*Goal of the exercise*: In the entries that follow, find the line containing "Men Washed Vintage"; from there, copy every line exactly through the line containing "Elizabeth II 2003".
╭─ Provided records
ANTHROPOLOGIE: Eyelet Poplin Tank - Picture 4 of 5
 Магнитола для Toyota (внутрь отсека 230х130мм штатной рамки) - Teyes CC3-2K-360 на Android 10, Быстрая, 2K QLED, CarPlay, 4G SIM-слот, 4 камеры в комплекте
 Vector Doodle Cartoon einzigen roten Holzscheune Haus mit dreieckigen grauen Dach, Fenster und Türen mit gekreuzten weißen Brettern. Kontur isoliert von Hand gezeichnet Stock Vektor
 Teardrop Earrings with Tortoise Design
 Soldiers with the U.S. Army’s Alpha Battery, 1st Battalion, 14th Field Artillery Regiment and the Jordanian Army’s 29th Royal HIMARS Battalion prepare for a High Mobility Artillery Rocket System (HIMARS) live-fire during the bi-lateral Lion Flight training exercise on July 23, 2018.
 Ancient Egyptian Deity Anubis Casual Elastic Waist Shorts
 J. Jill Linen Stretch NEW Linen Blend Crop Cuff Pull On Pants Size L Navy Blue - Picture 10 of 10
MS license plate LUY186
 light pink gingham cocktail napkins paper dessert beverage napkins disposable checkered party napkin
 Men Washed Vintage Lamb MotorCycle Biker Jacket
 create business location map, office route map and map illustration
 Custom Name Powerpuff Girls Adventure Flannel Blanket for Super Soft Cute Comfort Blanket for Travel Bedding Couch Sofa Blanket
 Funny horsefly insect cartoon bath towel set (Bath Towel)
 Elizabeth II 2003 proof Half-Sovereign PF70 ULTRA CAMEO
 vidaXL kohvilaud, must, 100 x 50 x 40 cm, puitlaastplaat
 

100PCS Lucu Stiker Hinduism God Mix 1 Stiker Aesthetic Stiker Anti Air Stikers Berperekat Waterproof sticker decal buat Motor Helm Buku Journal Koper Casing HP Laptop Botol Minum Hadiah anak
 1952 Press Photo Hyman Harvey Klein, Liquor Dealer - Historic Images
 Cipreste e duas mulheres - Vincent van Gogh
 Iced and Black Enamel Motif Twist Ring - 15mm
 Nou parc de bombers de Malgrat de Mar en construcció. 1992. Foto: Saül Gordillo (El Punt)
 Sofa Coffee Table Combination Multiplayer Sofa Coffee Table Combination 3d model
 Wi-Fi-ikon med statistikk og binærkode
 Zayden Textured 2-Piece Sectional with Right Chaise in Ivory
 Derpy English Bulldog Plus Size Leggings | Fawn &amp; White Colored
╰─
*Finished exercise*:
 Men Washed Vintage Lamb MotorCycle Biker Jacket
 create business location map, office route map and map illustration
 Custom Name Powerpuff Girls Adventure Flannel Blanket for Super Soft Cute Comfort Blanket for Travel Bedding Couch Sofa Blanket
 Funny horsefly insect cartoon bath towel set (Bath Towel)
 Elizabeth II 2003 proof Half-Sovereign PF70 ULTRA CAMEO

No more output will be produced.